Why did oil top $100 a barrel?
What pushed crude above $100
A sharp jump in oil prices has been driven by a real and growing shortfall of accessible supply as fighting around the Strait of Hormuz and targeted attacks on energy infrastructure make the route and some export hubs unsafe. Markets reacted to three linked developments:
- Shipping disruption: Iran’s effective closure and attacks around the Strait of Hormuz have stranded tankers and halted regular traffic through the waterway that carries a large share of global seaborne oil.
- Strikes on export hubs: U.S. and Israeli strikes — including operations that the Pentagon said struck Kharg Island, Iran’s major oil export terminal — and drone attacks on facilities such as Fujairah and a Dubai airport fuel depot have damaged handling and storage capacity.

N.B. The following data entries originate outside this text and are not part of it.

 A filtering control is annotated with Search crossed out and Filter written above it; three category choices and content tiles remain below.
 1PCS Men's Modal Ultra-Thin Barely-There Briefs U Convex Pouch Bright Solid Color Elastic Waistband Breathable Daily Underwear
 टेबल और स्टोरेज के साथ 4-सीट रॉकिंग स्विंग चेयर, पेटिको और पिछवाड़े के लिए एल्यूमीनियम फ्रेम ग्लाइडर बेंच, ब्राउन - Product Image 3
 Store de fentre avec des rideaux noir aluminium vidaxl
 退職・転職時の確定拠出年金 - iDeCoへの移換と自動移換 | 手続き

- Market psychology and trading flows: Traders priced in the risk of prolonged disruption, pushing Brent and U.S. crude sharply higher as global spare capacity and inventories tightened.

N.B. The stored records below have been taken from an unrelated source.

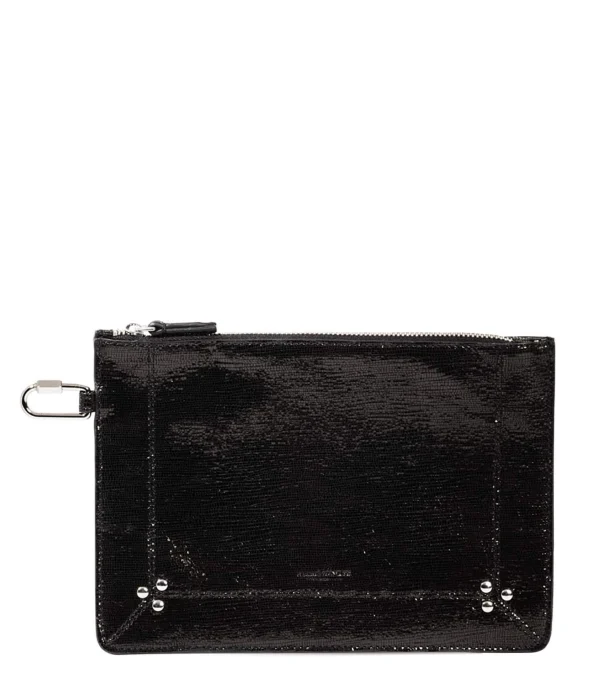 JEROME DREYFUSS Pochette Popoche M Chèvre Lamé Noir Large choix en ligne 1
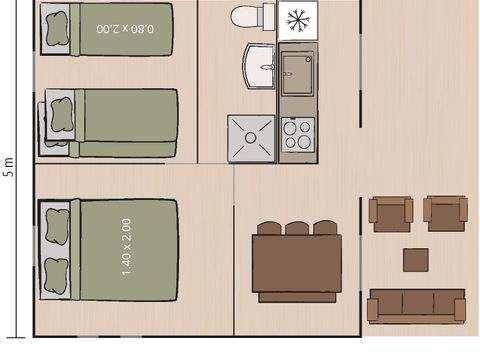 TENTE TOILE ET BOIS 5 personnes - Polari - Tente Safari + sanitaires + climatisation (5P)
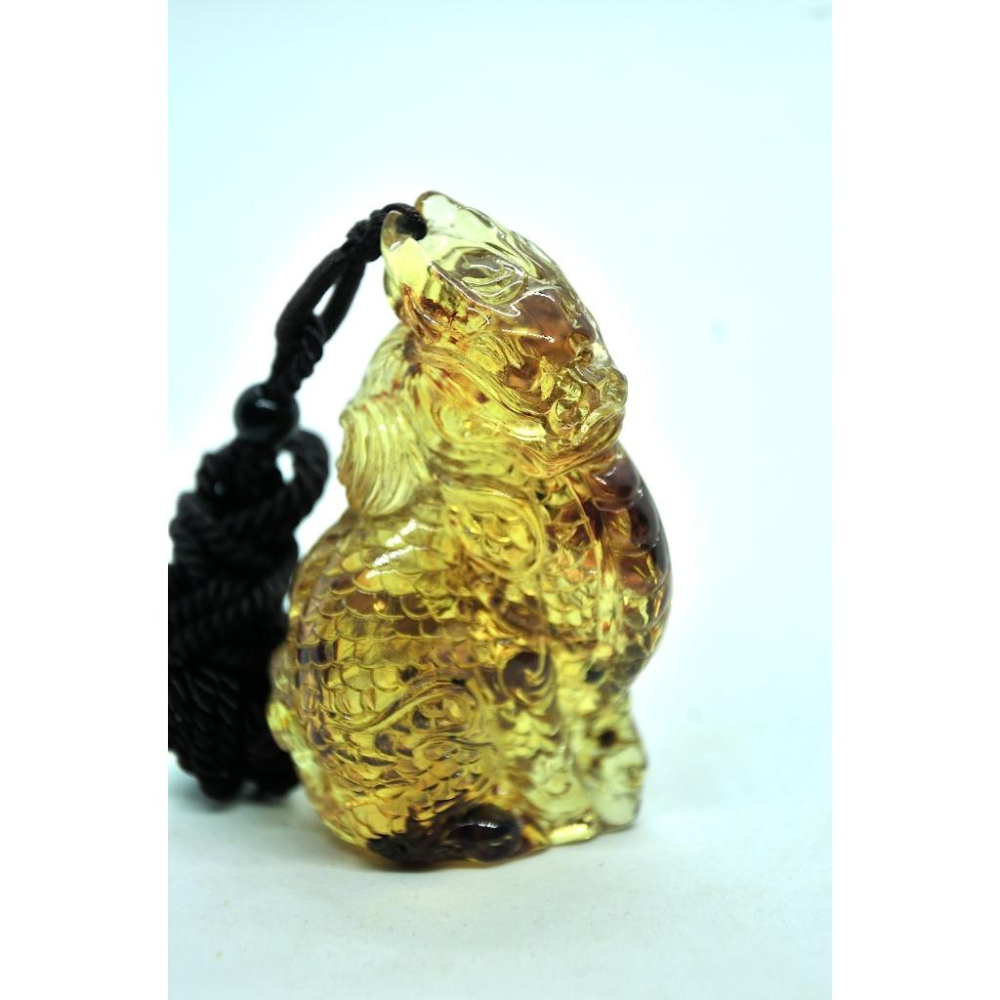 多米尼加藍珀 多明尼加藍珀 藍珀火麒麟(付大師收藏證書)(付GIC檢定證書)-細節圖7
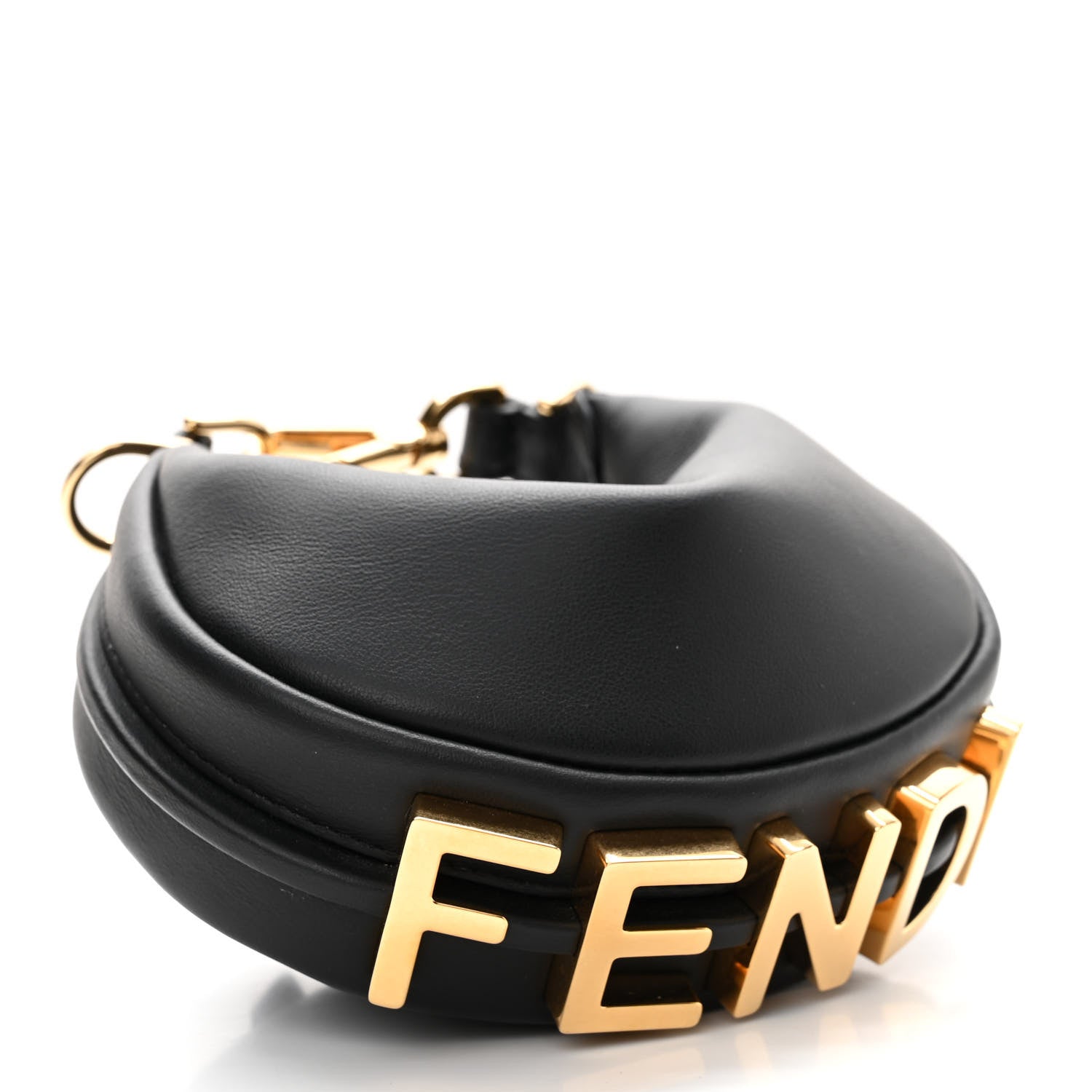 Fendi Vitello Grace Matte Nano Fendigraphy Hobo Charm Black 4 of 11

Why it matters for the United States
- Consumers are already feeling the effects at the pump; U.S. gasoline prices have jumped sharply since the conflict began.
- The surge complicates monetary policy: higher energy costs increase inflationary pressure, narrowing room for the Federal Reserve to cut interest rates.
- Policymakers are using non-market tools — emergency reserve releases and diplomatic outreach to major consumers and producers — while energy executives warn the crunch could worsen if the strait remains blocked.
The price spike reflects both physical damage to oil infrastructure and investors’ fear the disruptions could persist — a combination that keeps energy markets volatile until shipping and export capacity are secured.